◆ DATA BLOCK ◆
************
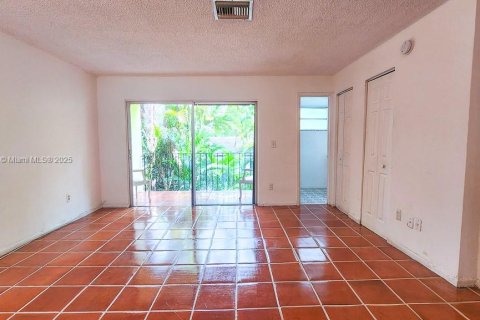 Appartement à louer à Coral Gables, Floride: 2 chambres, 1263.94 m2 № 1683444 - photo 25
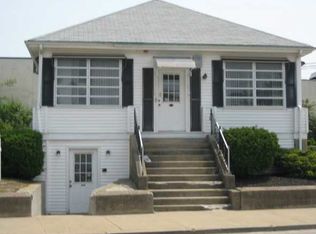 101 Power Rd, Pawtucket, RI 02860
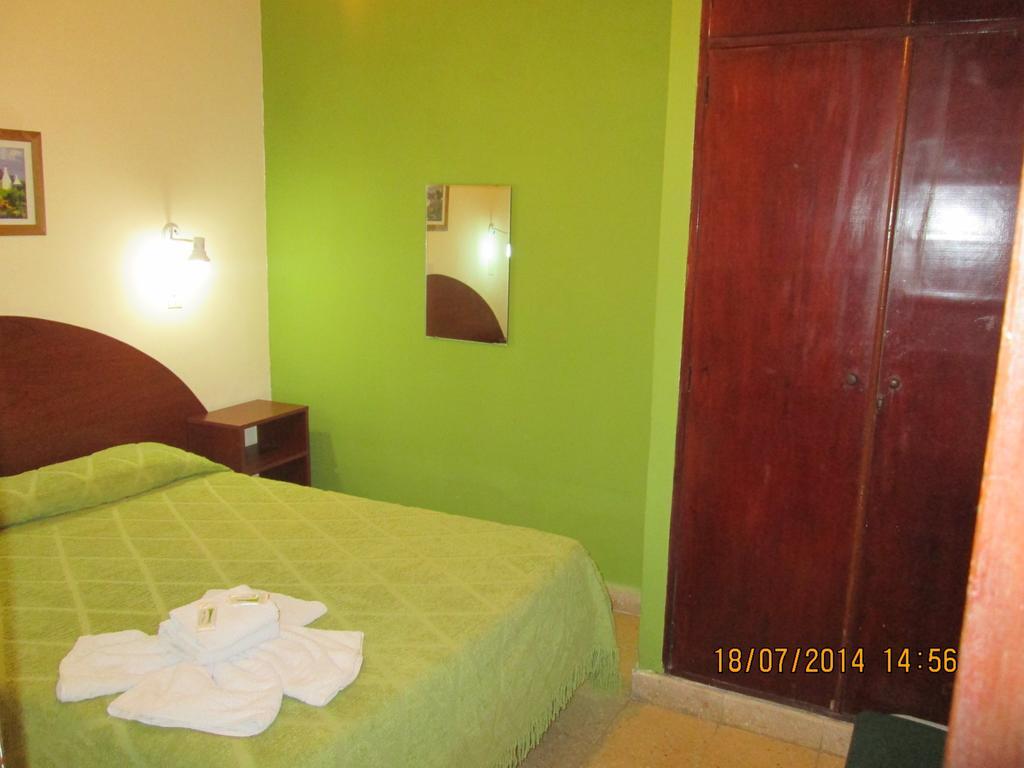 Nuevo Hotel Belgrano San Nicolás de los Arroyos 外观 照片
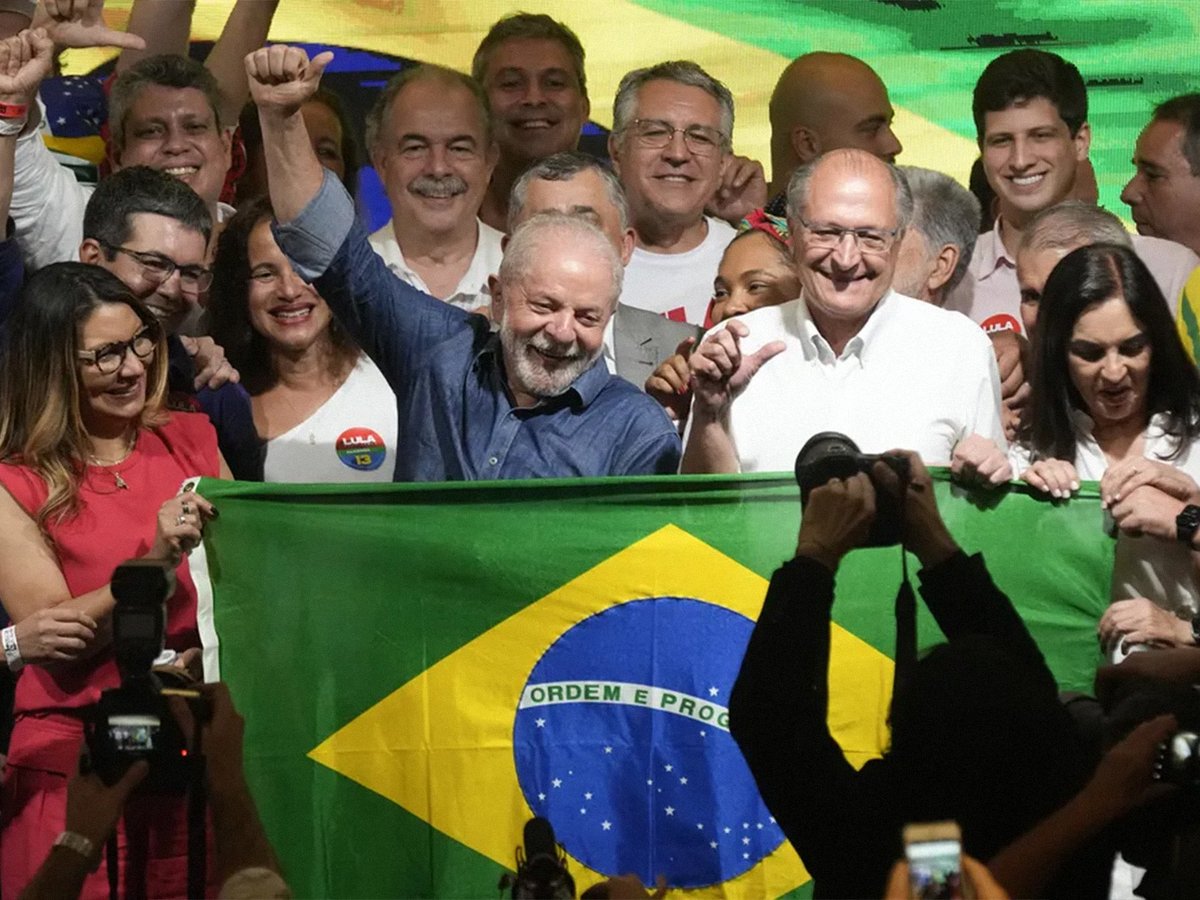 Hoje faz um ano que Lula foi eleito novamente presidente. Em 30 de outubro de 2022, dia do segundo turno das eleições, derrotamos Bolsonaro e devolvemos o Brasil aos brasileiros. Viva Lula, viva a democracia, viva o povo brasileito! #lula #presidente #forabolsonaro #democracia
************
◆ WHAT IS EXPECTED ◆
Output, word for word, the full listing above, with no pictures.

◆ WRITTEN ANSWER ◆
 Appartement à louer à Coral Gables, Floride: 2 chambres, 1263.94 m2 № 1683444 - photo 25
 101 Power Rd, Pawtucket, RI 02860
 Nuevo Hotel Belgrano San Nicolás de los Arroyos 外观 照片
 Hoje faz um ano que Lula foi eleito novamente presidente. Em 30 de outubro de 2022, dia do segundo turno das eleições, derrotamos Bolsonaro e devolvemos o Brasil aos brasileiros. Viva Lula, viva a democracia, viva o povo brasileito! #lula #presidente #forabolsonaro #democracia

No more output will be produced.